From: Tariq Toukan <tariqt@nvidia.com>
To: Eric Dumazet <edumazet@google.com>,
Jakub Kicinski <kuba@kernel.org>, Paolo Abeni <pabeni@redhat.com>,
Andrew Lunn <andrew+netdev@lunn.ch>,
"David S. Miller" <davem@davemloft.net>
Cc: Saeed Mahameed <saeedm@nvidia.com>,
Leon Romanovsky <leon@kernel.org>,
Tariq Toukan <tariqt@nvidia.com>, Mark Bloch <mbloch@nvidia.com>,
Shay Drory <shayd@nvidia.com>, Or Har-Toov <ohartoov@nvidia.com>,
Edward Srouji <edwards@nvidia.com>,
Maher Sanalla <msanalla@nvidia.com>,
Simon Horman <horms@kernel.org>, Moshe Shemesh <moshe@nvidia.com>,
Kees Cook <kees@kernel.org>,
Patrisious Haddad <phaddad@nvidia.com>,
Gerd Bayer <gbayer@linux.ibm.com>,
Parav Pandit <parav@nvidia.com>, Cosmin Ratiu <cratiu@nvidia.com>,
Carolina Jubran <cjubran@nvidia.com>, <netdev@vger.kernel.org>,
<linux-rdma@vger.kernel.org>, <linux-kernel@vger.kernel.org>,
Gal Pressman <gal@nvidia.com>,
Dragos Tatulea <dtatulea@nvidia.com>
Subject: [PATCH net-next 0/7] net/mlx5: Improve representor lifecycle and fix work queue deadlock
Date: Thu, 9 Apr 2026 14:55:43 +0300 [thread overview]

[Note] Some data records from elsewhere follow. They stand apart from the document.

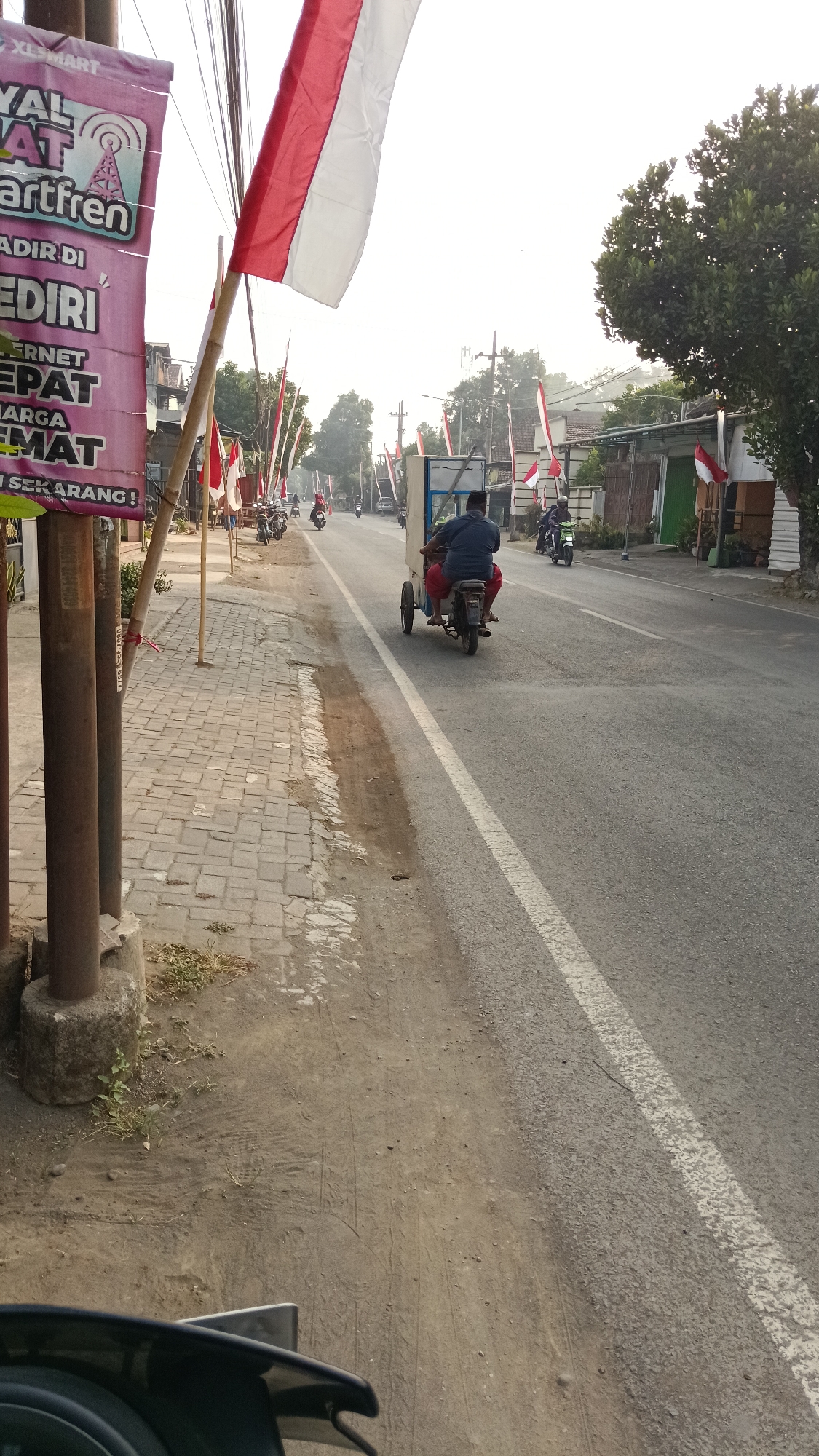The image depicts a street scene in Ploso, Indonesia, likely during a festive or commemorative occasion, indicated by numerous Indonesian flags displayed along the road. In the foreground, a pink banner promoting "XL SMART" and "Smartfren" with services like "INTERNET CEPAT" (fast internet) and "HARGA HEMAT" (economical price) is visible, attached to metal poles. To the right of the banner, a paved walkway lines the road, which is made of asphalt with a white dividing line.
The road itself shows signs of light traffic. A man wearing a blue shirt and red pants is riding a motorized tricycle cart, moving away from the camera. The cart appears to be a food or goods vendor. Further down the road, several motorcycles are parked along the side and some are in motion. A few other individuals are visible on motorcycles, also moving in the same direction. The background shows buildings, trees, and a generally bright, overcast sky. The overall atmosphere suggests a normal day with some local embellishments.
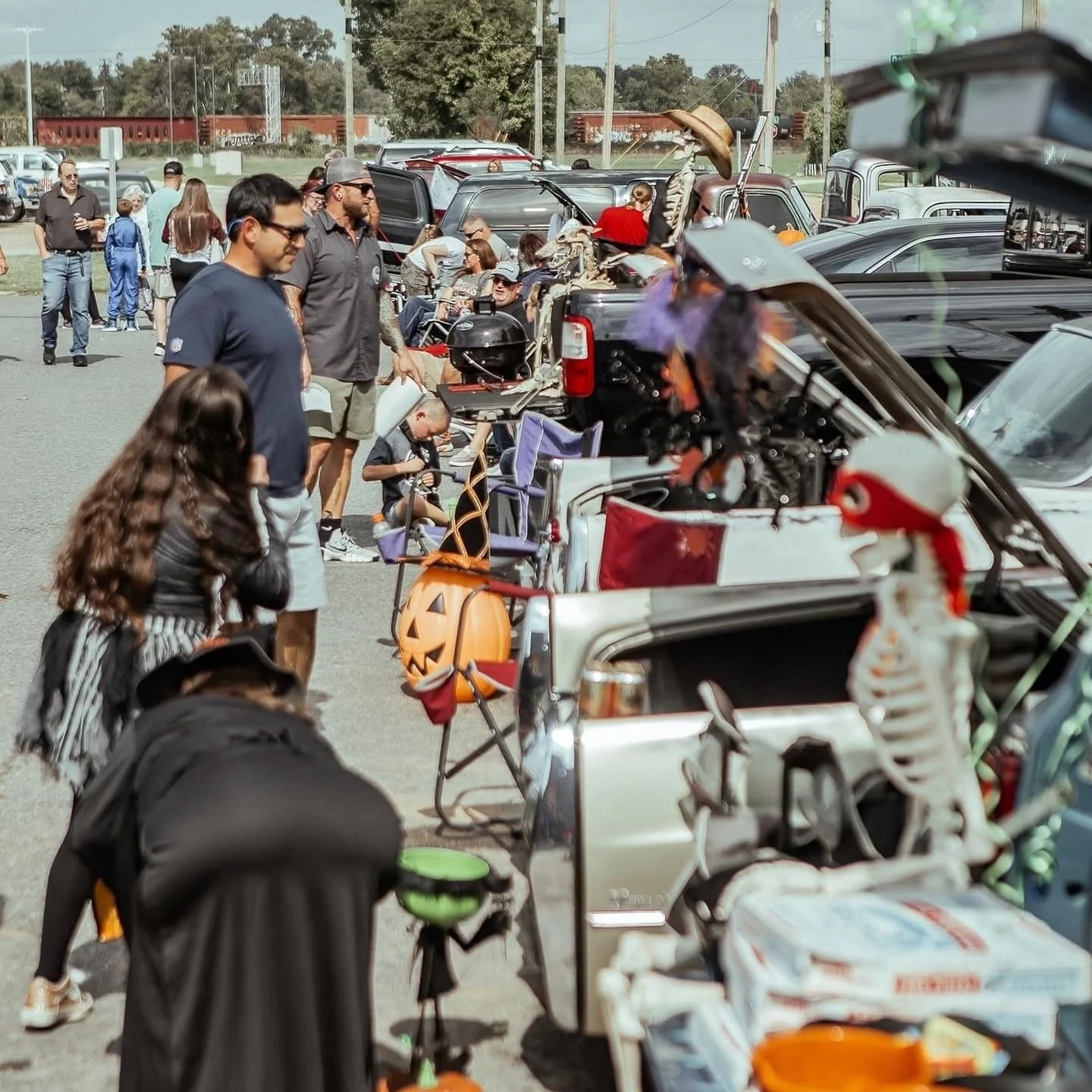 People browsing Halloween decorations and costumes at an outdoor market, with decorated items such as a pumpkin bucket and a skeleton in the foreground.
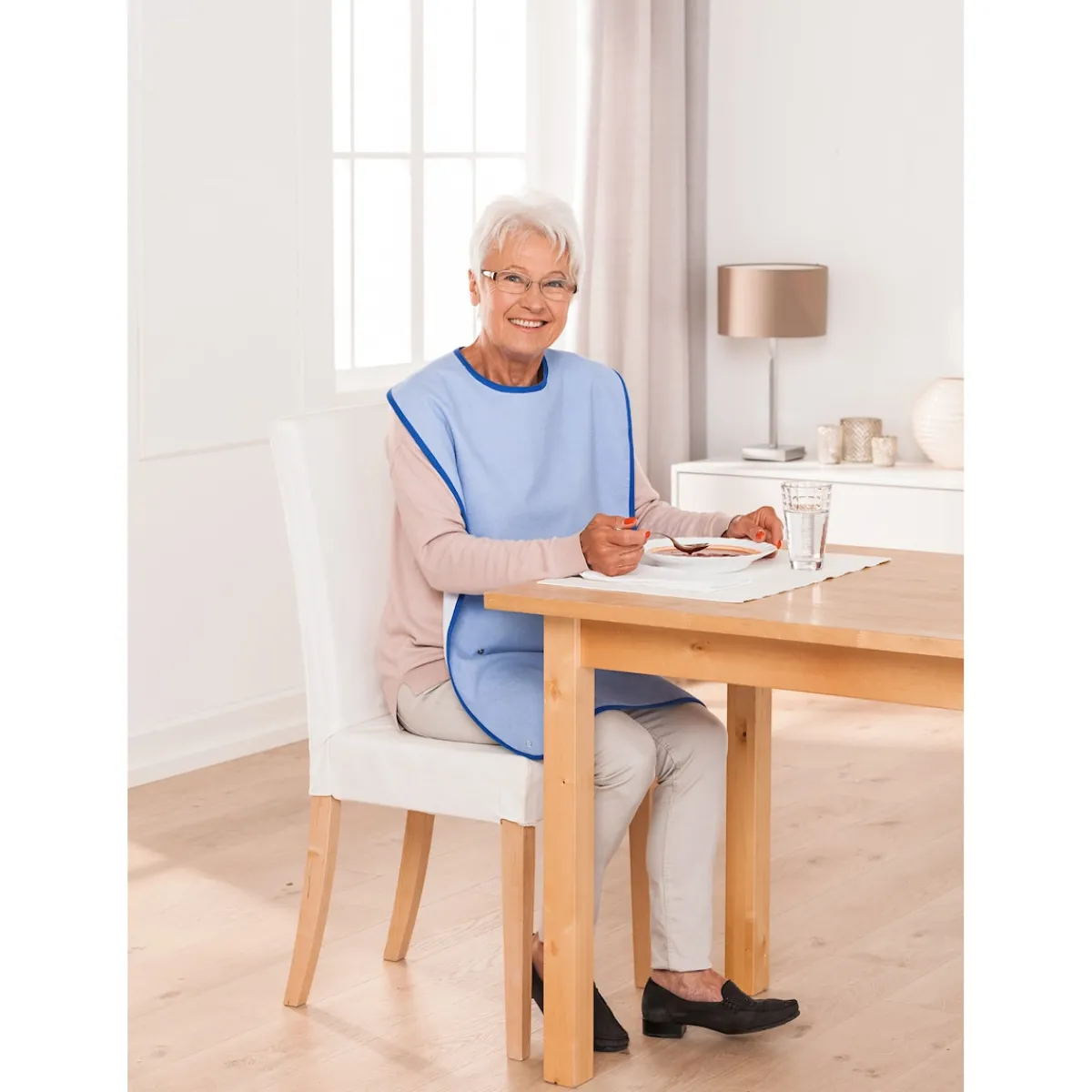 Die moderne Hausfrau Essschürze mit Druckknopf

Message-ID: <20260409115550.156419-1-tariqt@nvidia.com> (raw)
Hi,
See detailed description by Mark below [1].
Regards,
Tariq
[1]
This series addresses three problems that have been present for years.
First, there is no coordination between E-Switch reconfiguration and
representor registration. The E-Switch can be mid-way through a mode
change or VF count update while mlx5_ib walks in and registers or
unregisters representors. Nothing stops them. The race window is small
and there is no field report, but it is clearly wrong.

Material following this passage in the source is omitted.